Je frischer das Ei, desto geringer die Chance, dass sich die Bakterien darin vermehren. Explosionsartige Zunahme der Bakterien bei unsachgemäßer Lagerung (zu warm). Nachträgliche Kühlung - selbst Tiefgefrieren - tötet die Bakterien nicht. Nur das Erhitzen auf 70°C macht Salmonellen unschädlich. Deshalb gilt:
- Eier frisch kaufen und bald verbrauchen;
- 10 Tage vor Ablauf des MHD Eier kühlen;
- Nur ganz frische Eier für Speisen verwenden, die rohe Eier enthalten (Tiramisu, Mayonnaise etc.)
- Speisen, die rohe Eier enthalten, immer im Kühlschrank aufbewahren;
- Rühreier gut durchbraten und Frühstückseier mind. 5 Minuten brodelnd kochen;
- Beschädigte Eier sofort verbrauchen und nur für durch erhitzte Speisen verwenden
- Eier, bei denen das MHD abgelaufen ist, nur noch durch erhitzt verzehren.
rische Eier können Spuren von Salmonellen enthalten. Diese gelangen über die Eierstöcke oder den Kot der Hühner an oder in das Ei. Kühlschranktemperaturen von max. 6°C töten Salmonellen zwar nicht ab, verhindern aber deren Vermehrung.
Wie müssen Eier aufbewahrt werden?
Legefrische Eier erhalten nach einer Mindestreifezeit von 3 Tagen ihr volles Aroma. 10 Tage vor Ablauf des Mindesthaltbarkeitsdatums müssen Eier gekühlt werden. Das Ei verfügt durch seinen unsichtbaren Mantel auf der Schale und durch Enzyme im Eiklar über einen natürlichen Selbstschutz, der das Eindringen und die Vermehrung von Keimen verhindert. Dieser Schutz bleibt nur dann wirksam, wenn das Ei keinen extremen Temperaturschwankungen (Sonne, Feuchtigkeit) ausgesetzt ist.
Werden Frühstückseier mit dem Silberlöffel verzehrt, schmecken sie bitter und riechen streng. Der beste Eierlöffel ist aus Horn oder ersatzweise Kunststoff.Der Geschmack von Eiern ist wesentlich von der Frische abhängig. Nach 3 Tagen stellt sich der optimale Geschmack ein und hält 14 Tage an.

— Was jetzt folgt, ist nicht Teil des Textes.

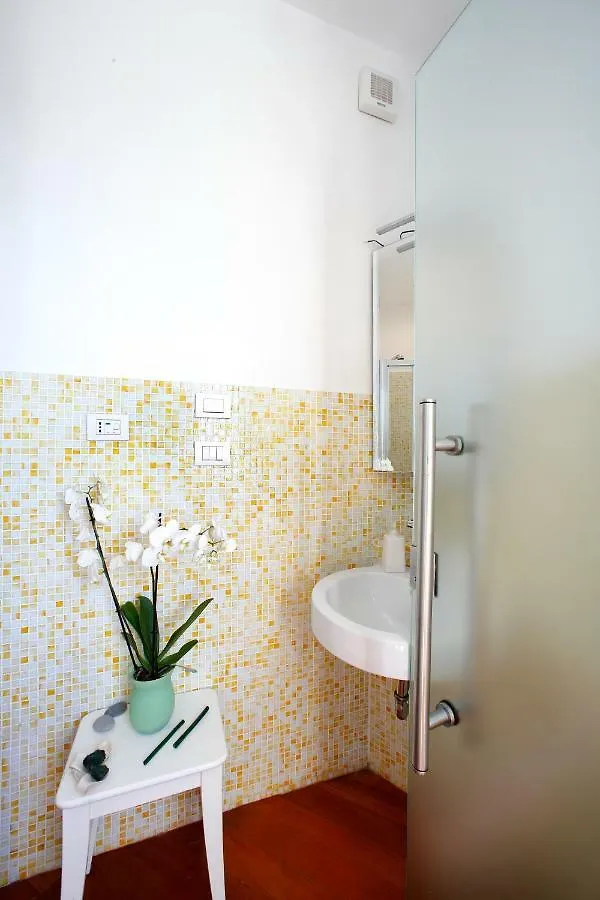 Arpaiu - Odeyo Sas Guest House Manarola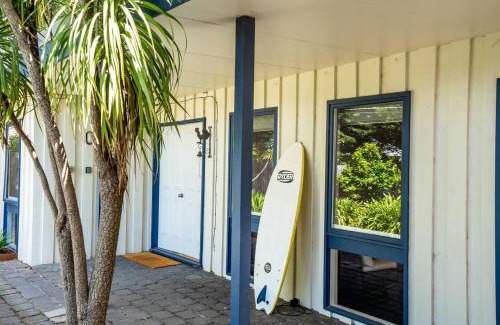 Belmont Casa | 'Beaming Belmont' A Coastal Indoor-Outdoor Haven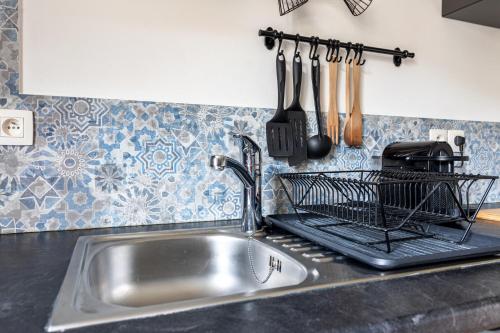 a kitchen sink with a dish drying rack next to it at Appartements vue Mont-Joly à 2 pas Tramway Mont-Blanc - Studio 1 pièce in Saint-Gervais-les-Bains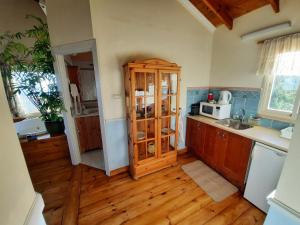 Kuchyň nebo kuchyňský kout v ubytování Ha'Seuda Ha'Achrona Suites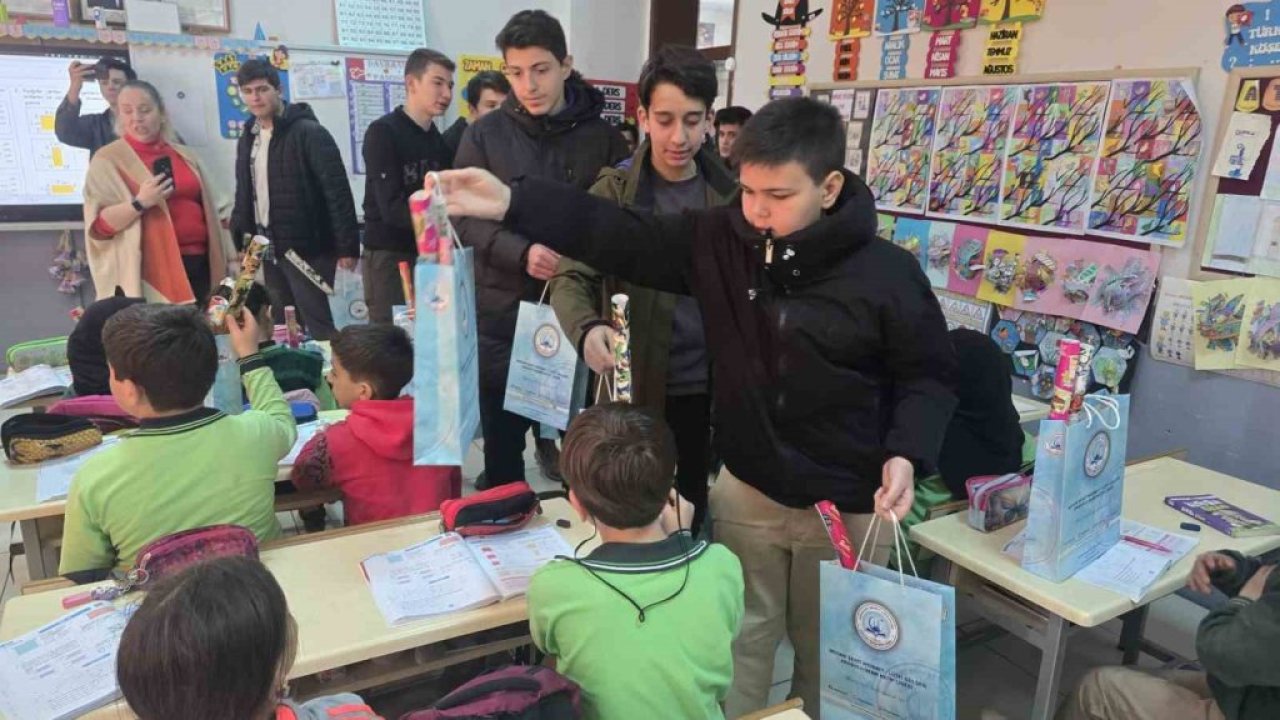 Konya’daki etkinlikte öğrencilere bayramlık dağıtıldı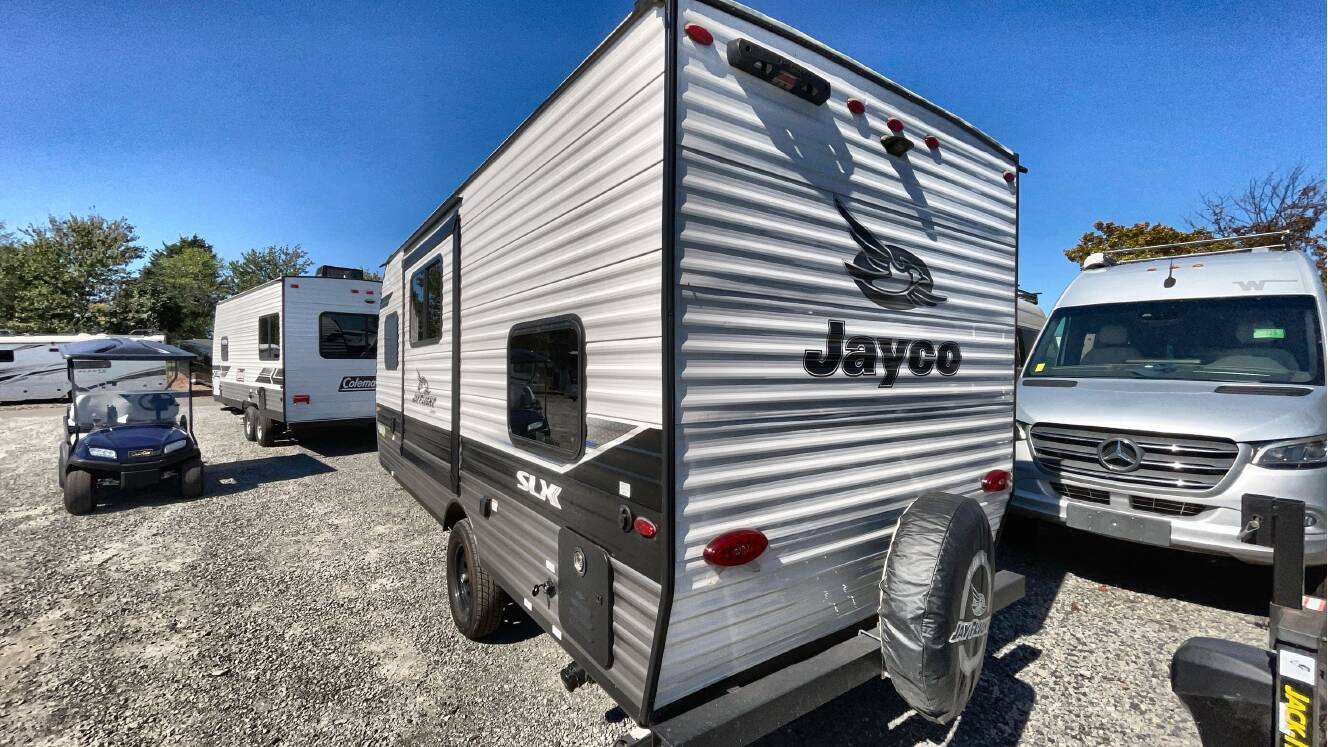 A photo of this 2024 Jayco JAY FLIGHT SLX 184BS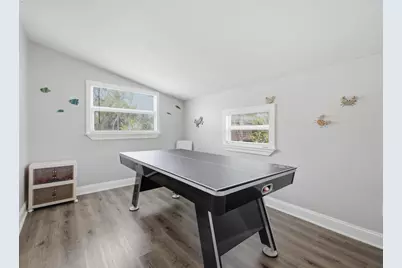 226 E Gateway Boulevard, Boynton Beach, FL 33435 - Photo 9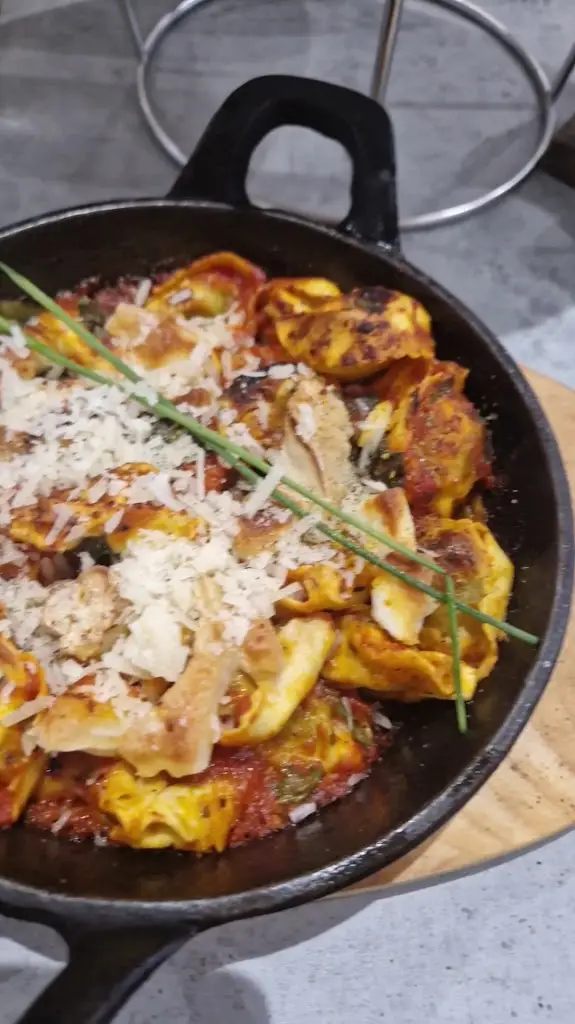 Abbraccio_Stalybridge_slider_image_2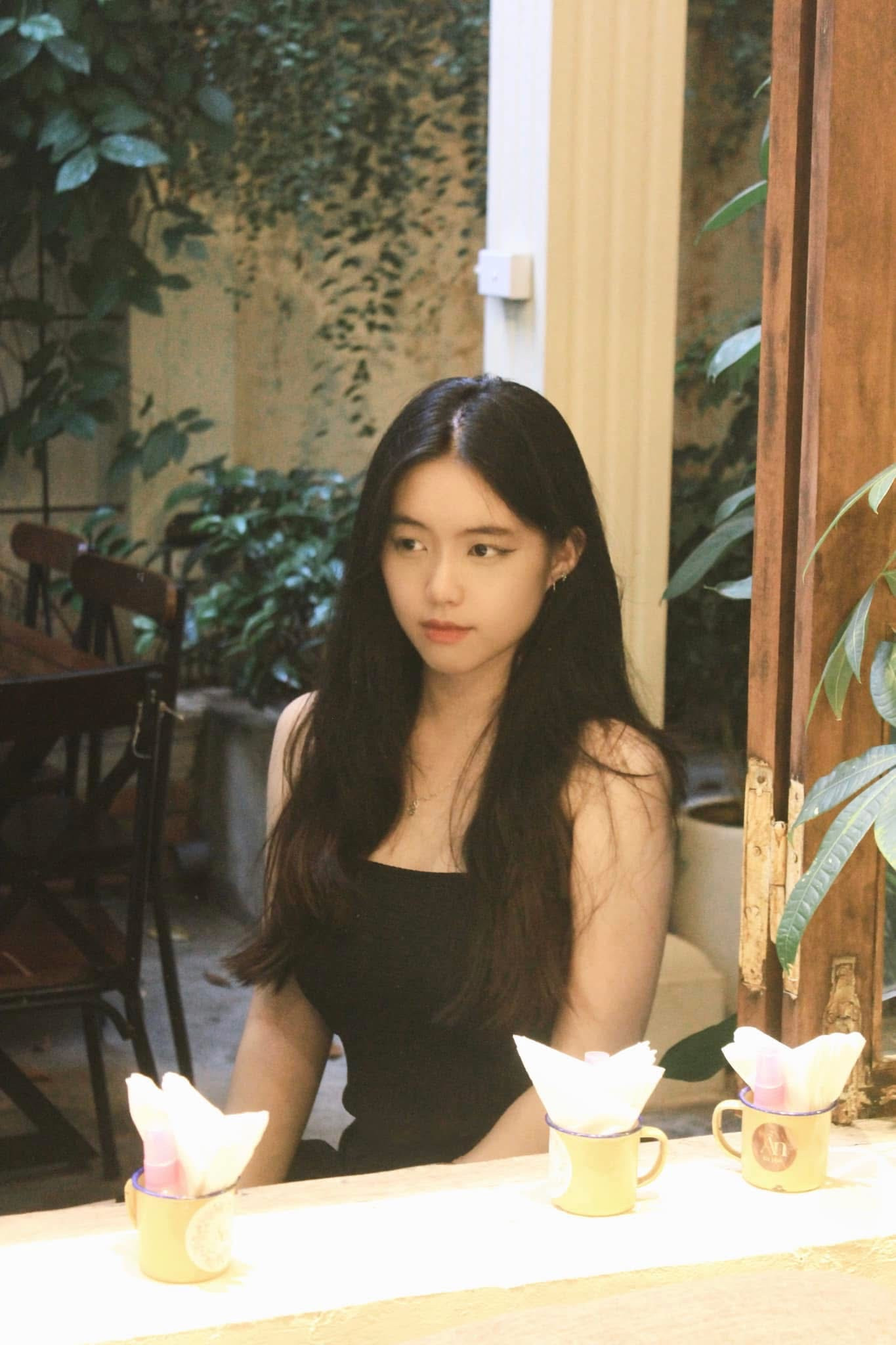 Tại họp báo sau đăng quang, Á hậu 1 Trần Ngọc Châu Anh cho biết cô được tham gia nhiều hoạt động, có kỷ niệm quý giá ở cuộc thi Hoa hậu Việt Nam.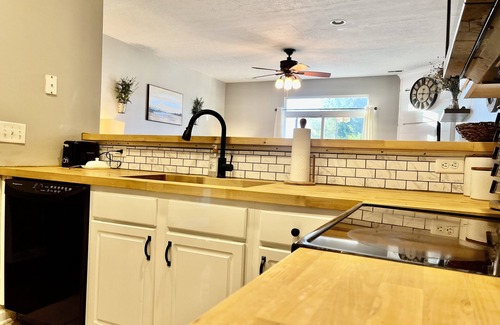 Kettering Condominio | Bright Haven -- peaceful & cozy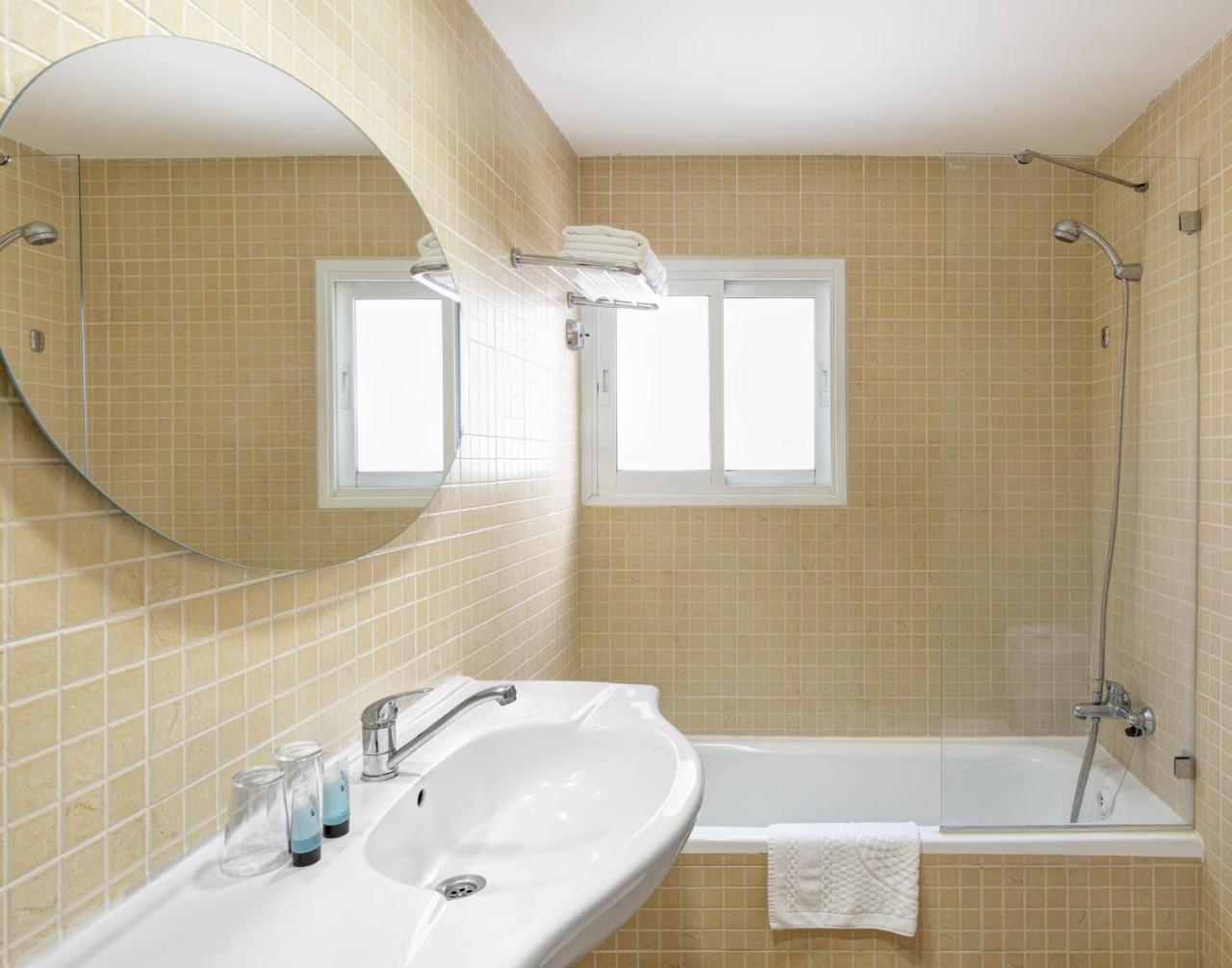 Mizpe Yam Boutique Hotel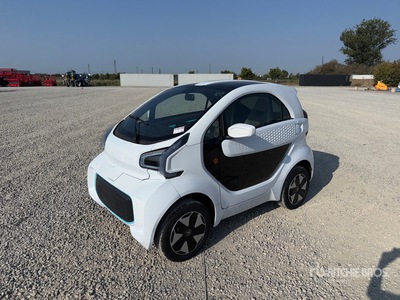 2022 XEV Yoyo Electric 2-Seater Mini-Car Automobile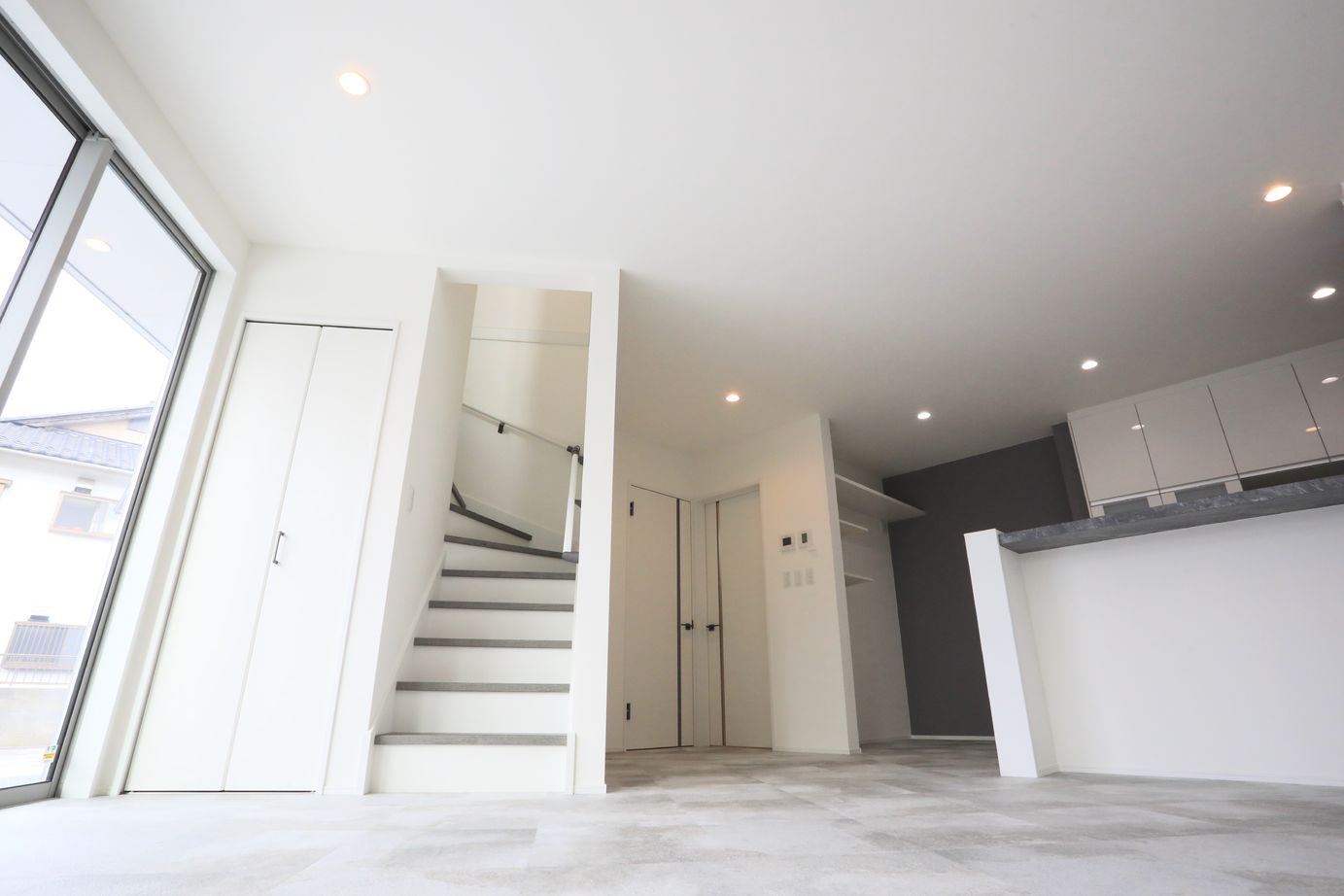 本間工務店 【船橋市/2000万円台/間取り有】家族6人が快適に暮らせる工夫が詰まったシンプルでホテルライクな住まいの建築実例画像4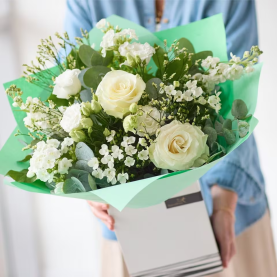 Extra Luxurious Neutral Bouquet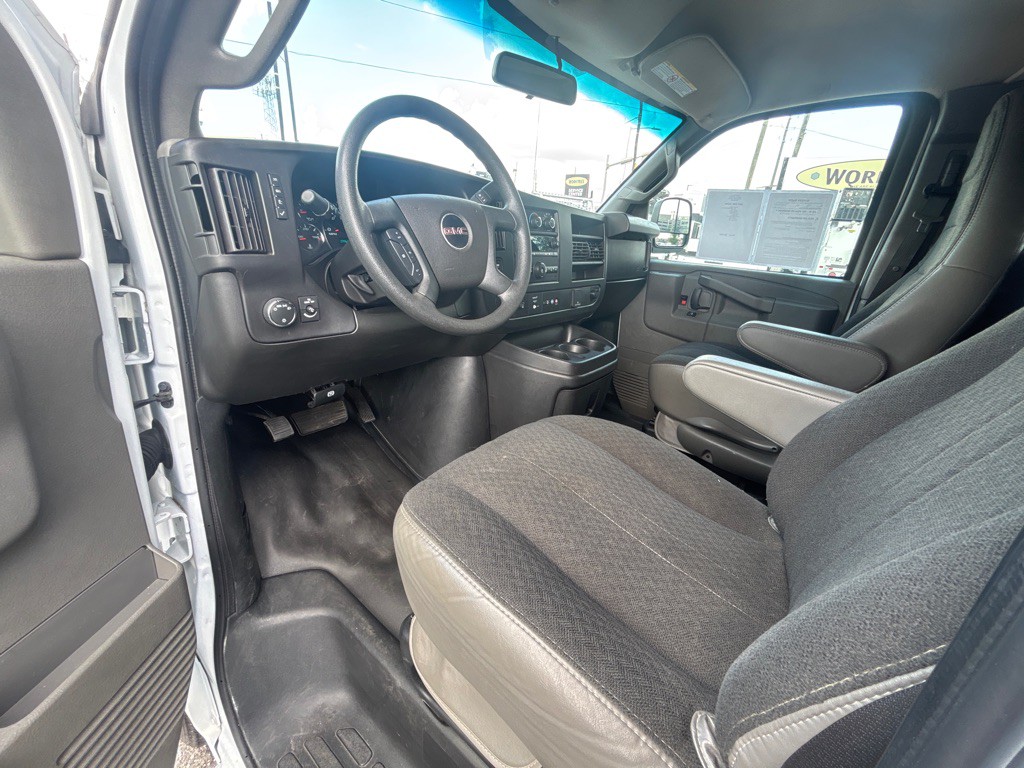 2023 GMC G2500 Image 9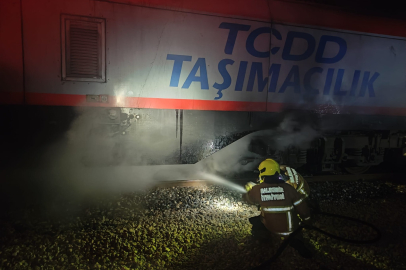 TCDD’YE AİT TRENDE YANGIN PANİĞİ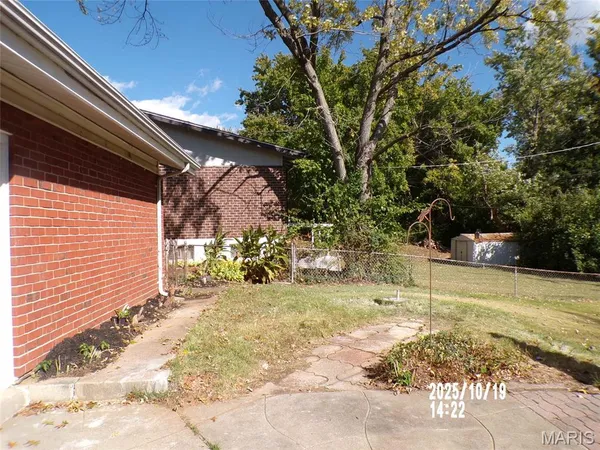 $248,000 | 4348 Vandals Drive, Florissant, MO 63033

Was bedeutet der Stempel auf dem Ei?
Mit Hilfe des Erzeugercodes auf dem Ei kann man feststellen, in welcher Haltungsform die Eierproduktion stattfindet. Außerdem ist eine Rückverfolgbarkeit bis in den Stall möglich.
Beispiel:
- Erzeugercode = 1-DE-0812341 Die erste Ziffer erklärt die Haltungsform
1 = Freiland, 2 = Bodenhaltung, 3 = Käfighaltung, 0 = Ökologische Haltung - Herkunftsland = DE besagt, dass die Eier in Deutschland produziert wurden.
- 08 = Die nächsten beiden Ziffern sind der Code für das Bundesland (08 = BaWü)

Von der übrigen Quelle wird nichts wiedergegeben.